I've used Sylvain's site even though much of it comes up in French (and my high school French only gets me so far) but the pictures show a lot of info. 

I didn't know McKeown was still around.


----------



## vintagesnaps (Nov 9, 2017)

Oh, the Reflex in that ad on Sylvain's site is the one I have! I'll have to do more looking on his site. 

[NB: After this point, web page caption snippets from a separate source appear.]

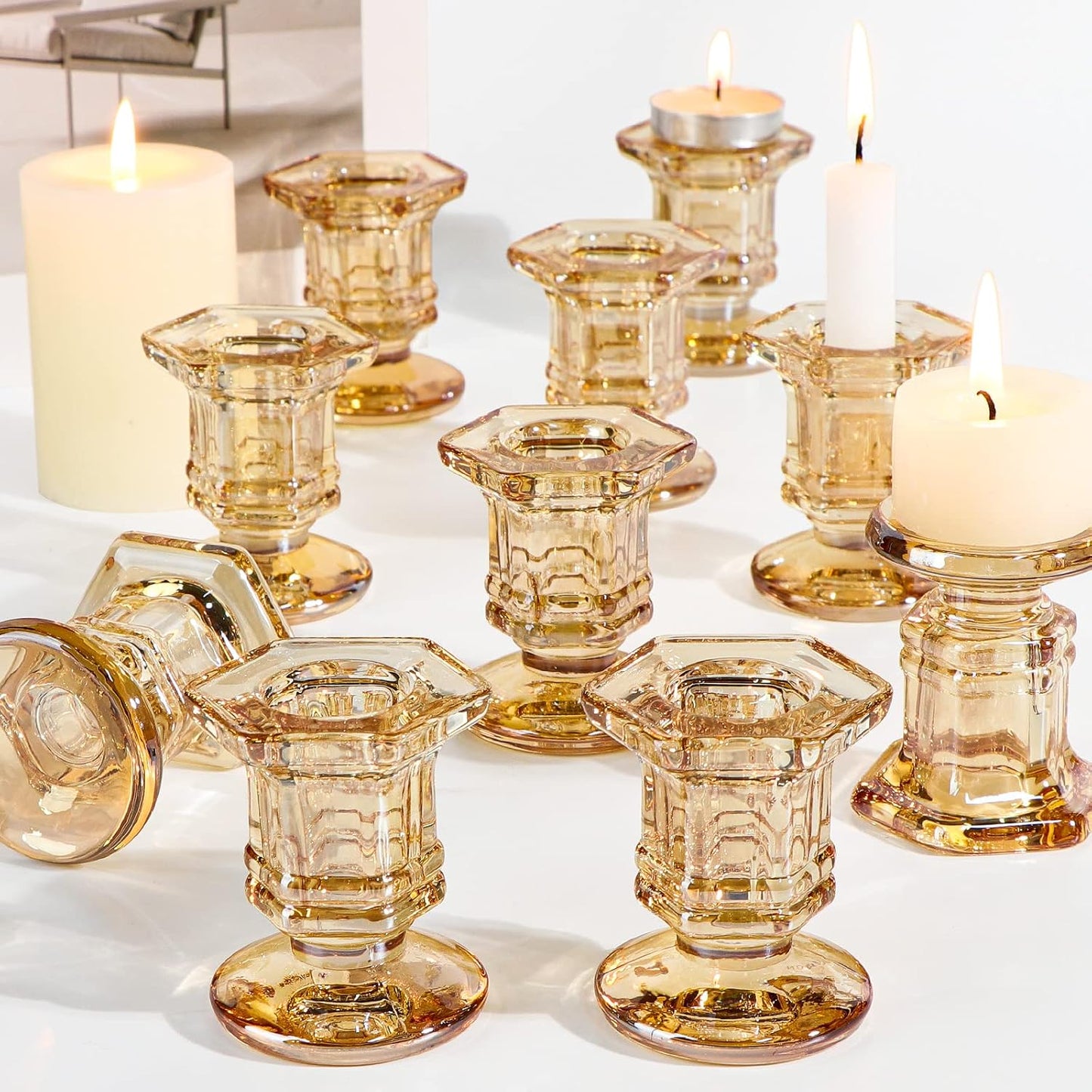 Lanttu 12 Pcs Gold Glass Candle Holders Set Candlestick Holders Bulk | Taper Candle Holders for Wedding, Festival Table
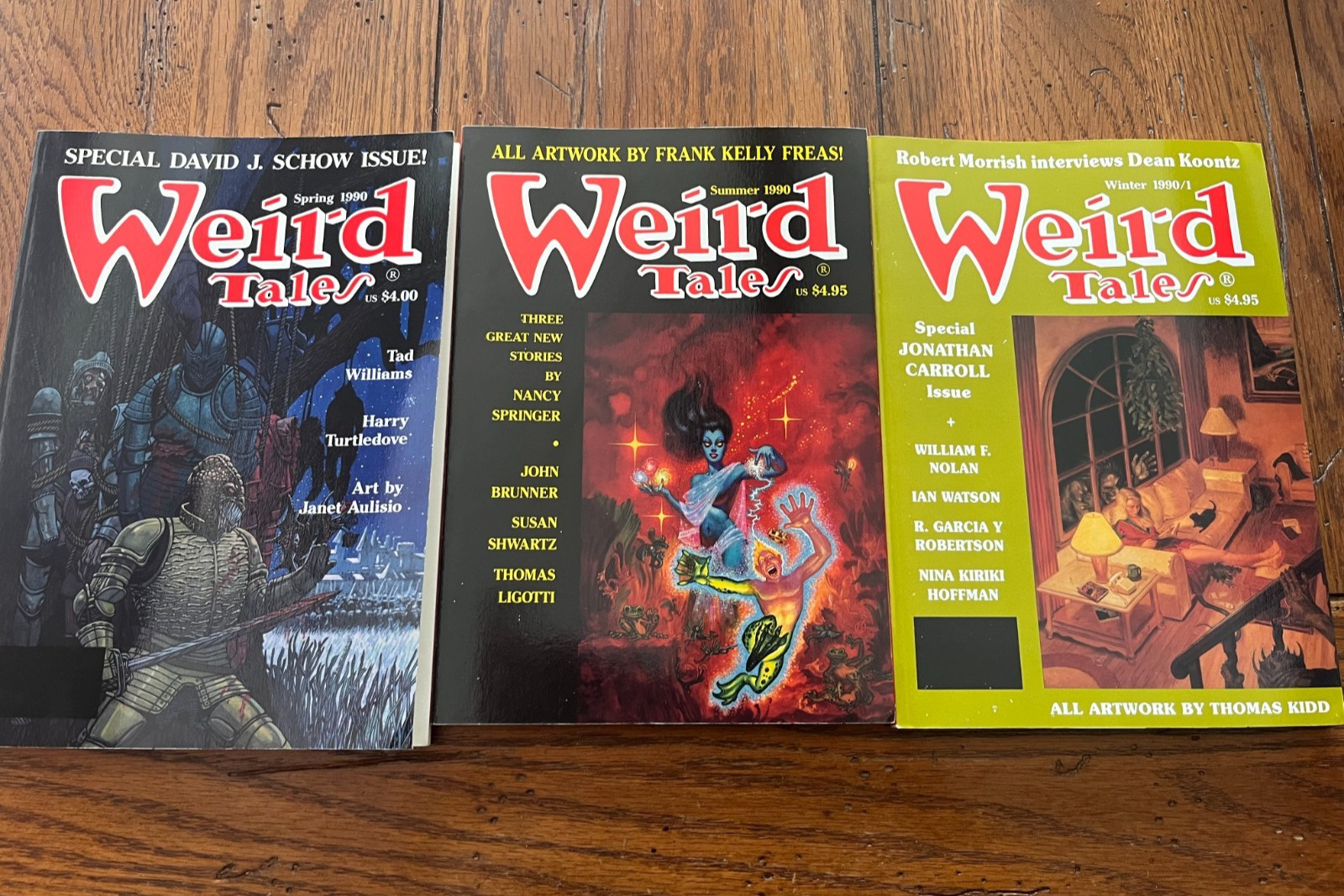 Lot of 3 Weird Tales 296 Spring, 297 Summer, 299 Winter 1990 / 1 Dean Koontz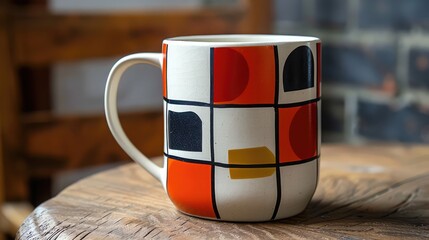 A mug with a bold, geometric pattern and a sturdy, ceramic construction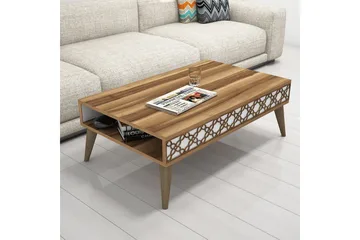 Hovdane Soffbord 105 cm med Förvaring Hylla Kedjemönster - Valnötsbrun/Vit - Möbler - Bord & matgrupper - Soffbord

In one of the ads from 1937 there's a Robot that looks just like the Reflex, says it's a 'reflecting camera', with all the advantages of a reflecting camera and a miniature. Guess that means it has a mirror? And there's a free trial! great! lol gee I guess that offer is no longer in effect, too bad!


----------



## Dany (Nov 10, 2017)

To Compur:
Fantastic!
This is the indubitable evidence that I was trying to find .
Thank you very much for the time spent and for your patience with the incorrigible skeptic I am.
This thread is very cool.

To Vntagesnaps:
I am glad you may find some information about your KW camera on the Sylvain Halgand's site
This site is really awesome. It describes in details thousands of vintage cameras + accesories etc...
Hundreds of new cameras are added each year through a participative system.
A great work has already been done to translate the pages into English, but this is a tremendous work. 
For the time being most of the pages discribing cameras from manufacturers with names from A to M are translated (Work based on volunteering).
For the rest, the proportion of translated pages is smaller. 
There is, on this site,  a very efficient search engine that allows you to identify a camera in finding the pages of catalogs related to a given camera .
Cherry on the cake, the site has a very active forum with a section dedicated to people not speaking French. Do not hesitate to participate
Welcome to Vintage cameras collection by Sylvain Halgand
Some news also about the Famous Mc Keowns guide:
I may say that the thirteen's edition to come of this guide shall be fantastic.
Based on a huge work during years, the volume of information and the number of cameras described  in this new edition shall be incredibly increased. 
The full content of this edition shall be available on line on the web to subscribing people.


----------



## compur (Nov 10, 2017)

You're welcome


----------



## IanG (Nov 13, 2017)

KW were quite an innovative company but with their change in ownership to Charles Noble in 1938 they moved largely to producing 35mm cameras.



Dany said:


> compur said:
> 
> 
> > There were 2 version of this camera. One shot 6x6 format and the other was 6X4.5.
> ...



I wouldn't call them variants as they are quite different models, and the Pilot Super is a significant improvement,. Nice find you don't see many these days.

Ian


----------



## Dany (Nov 13, 2017)

You are perfectly right Ian.
I should not say "variations" or "variants" but "others models from KW".
This comes from the chaos in my head when I try to speak and write in English instead of French


----------



## IanG (Nov 13, 2017)

Dany said:


> You are perfectly right Ian.
> I should not say "variations" or "variants" but "others models from KW".
> This comes from the chaos in my head when I try to speak and write in English instead of French



Your English is far better than my French 

If I was deliberately collecting cameras I think I'd choose KW as one brand to major on, I only have 3 two 9x12 Patent Etui's and an FX.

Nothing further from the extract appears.